While the meal period requirements are set by law, there are also two main exceptions: voluntary waivers and on-duty meal periods.

Voluntary meal period waivers

“One exception to the obligation to afford an employee a meal period is where an employee voluntarily agrees to waive the meal period if the employee’s shift is not more than 6 hours.” Allen M. Kato explained in a recent CER webinar. This waiver must be mutual; in other words, both parties must agree to it in advance.

A meal period waiver can also be used for shifts exceeding 10 hours, but less than 12 hours. In these cases, the employee would normally be entitled to a second meal period, but if the employee works 12 hours or less, and has taken first meal period, then the second meal period may be waived.

While not required by law, it is best practice to have the employee sign a written waiver that confirms that he or she voluntarily agreed to waive the meal period. This will serve as proof of the agreement.

On-duty meal periods

As already outlined, employees must be relieved of all duty during their meal period.

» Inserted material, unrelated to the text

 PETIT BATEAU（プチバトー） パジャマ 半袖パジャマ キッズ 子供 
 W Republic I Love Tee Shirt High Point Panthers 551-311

What some employers do not realize, however, is: “It is not unlawful to require employees to work through their meal period, so long as you are paying for it . . . [paying] the additional time worked through the otherwise unpaid meal period, any resulting overtime, and the premium pay penalty.” Kato advised. (The premium pay penalty is one hour of regular wages for each day in which there is a violation).

“You can avoid having to pay the premium pay penalty by having the employee voluntarily sign an ‘on-duty meal period agreement.'” Kato told us. This is different from a waiver because the meal period is not actually being waived. Here are the requirements for this to occur:

  • The nature of work must prevent relieving the employee of all duty during the meal period. This is a strict requirement.
  • There must be a written agreement, signed by the employee.
  • It must state that the employee may revoke it at any time.

With an on-duty meal period agreement, the employee must be paid for time worked, including overtime, but the employee need not be paid premium pay as penalty. The employee must be allowed to eat while working during this time.

If these requirements are not satisfied for a valid on-duty meal period agreement, the employer may still require an employee to work through the meal period—but must pay the premium pay penalty in addition to time worked and overtime.

The above information is excerpted from the webinar “Meal Periods and Rest Breaks in California: What You Must Do to Comply Post-Brinker.” To register for a future webinar, visit CER webinars.

Allen Kato is an attorney in the Employment Practices Group of Fenwick & West LLP in San Francisco. His practice concentrates exclusively on representing management in equal employment opportunity, wage and hour, wrongful termination, privacy, unfair competition, and trade secret matters, and litigating individual and class action lawsuits before courts and agencies.

1 thought on “Exceptions to meal period requirements in California”

  1. I’m curious about the enforceability of the waivers and agreements described above. Have they ever been challenged in court? Is it possible they could be struck down as contracts of adhesion?